In the entries below, find each line bearing the string "version" and copy it.

EXERCISE INPUT:

——

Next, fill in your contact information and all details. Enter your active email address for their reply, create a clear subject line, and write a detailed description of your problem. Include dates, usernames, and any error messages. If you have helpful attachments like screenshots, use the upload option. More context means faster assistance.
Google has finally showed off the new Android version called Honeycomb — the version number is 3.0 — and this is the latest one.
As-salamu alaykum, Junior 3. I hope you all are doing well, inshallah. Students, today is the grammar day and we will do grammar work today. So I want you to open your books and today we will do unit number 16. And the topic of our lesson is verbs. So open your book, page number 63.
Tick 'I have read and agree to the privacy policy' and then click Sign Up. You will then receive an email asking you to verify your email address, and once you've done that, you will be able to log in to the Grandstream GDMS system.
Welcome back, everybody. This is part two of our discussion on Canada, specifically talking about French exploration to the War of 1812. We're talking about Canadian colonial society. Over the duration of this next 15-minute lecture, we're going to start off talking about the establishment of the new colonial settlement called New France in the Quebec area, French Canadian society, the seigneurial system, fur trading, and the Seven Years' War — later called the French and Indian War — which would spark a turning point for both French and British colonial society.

——

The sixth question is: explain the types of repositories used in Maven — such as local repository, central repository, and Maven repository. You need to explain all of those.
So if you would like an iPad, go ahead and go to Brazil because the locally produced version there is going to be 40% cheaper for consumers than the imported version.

——

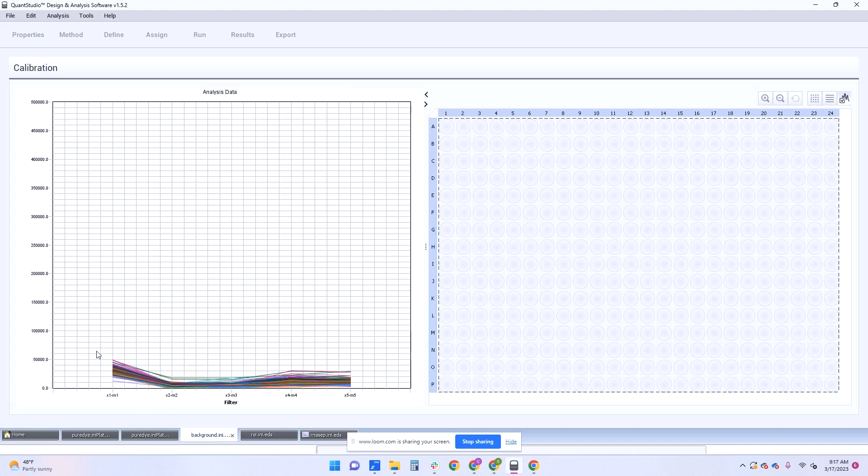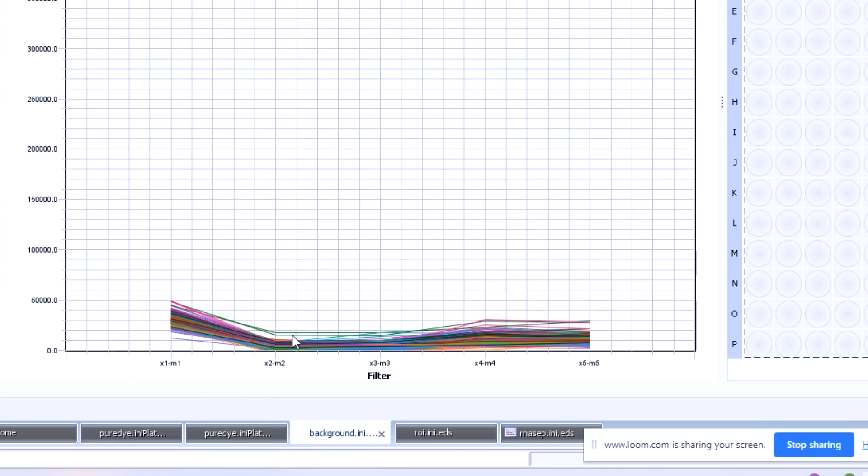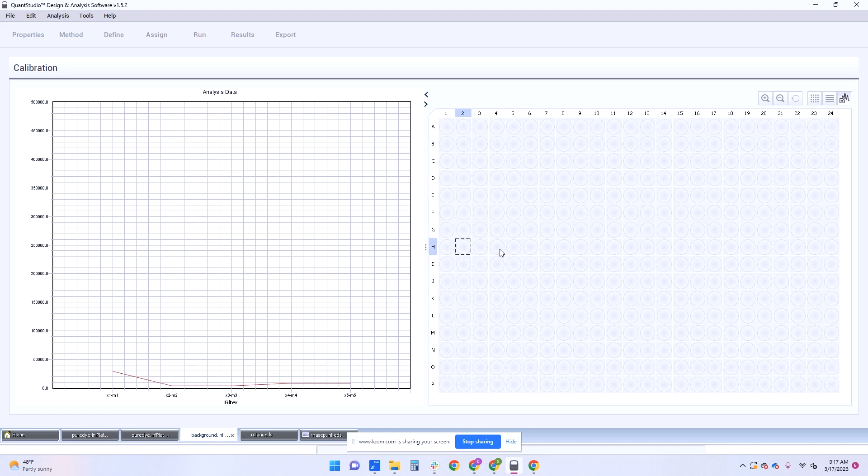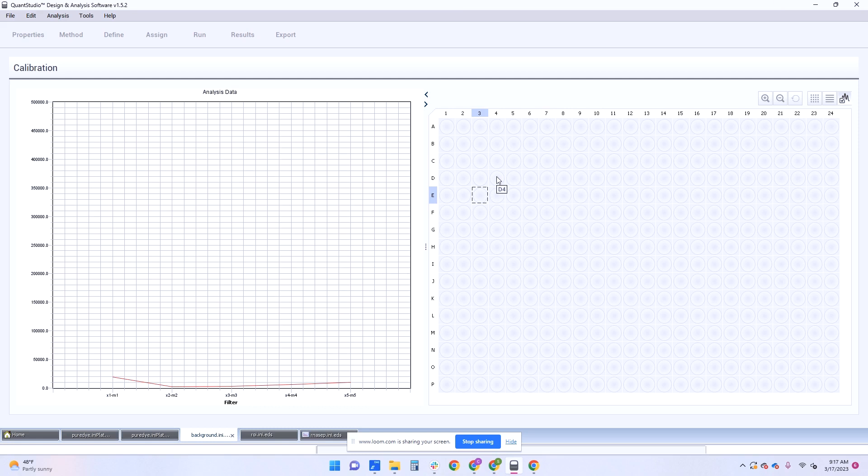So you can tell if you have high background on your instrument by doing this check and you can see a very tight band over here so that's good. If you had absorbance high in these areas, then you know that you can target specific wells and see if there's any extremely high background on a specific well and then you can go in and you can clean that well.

——

TASK OUTPUT:
Google has finally showed off the new Android version called Honeycomb — the version number is 3.0 — and this is the latest one.
So if you would like an iPad, go ahead and go to Brazil because the locally produced version there is going to be 40% cheaper for consumers than the imported version.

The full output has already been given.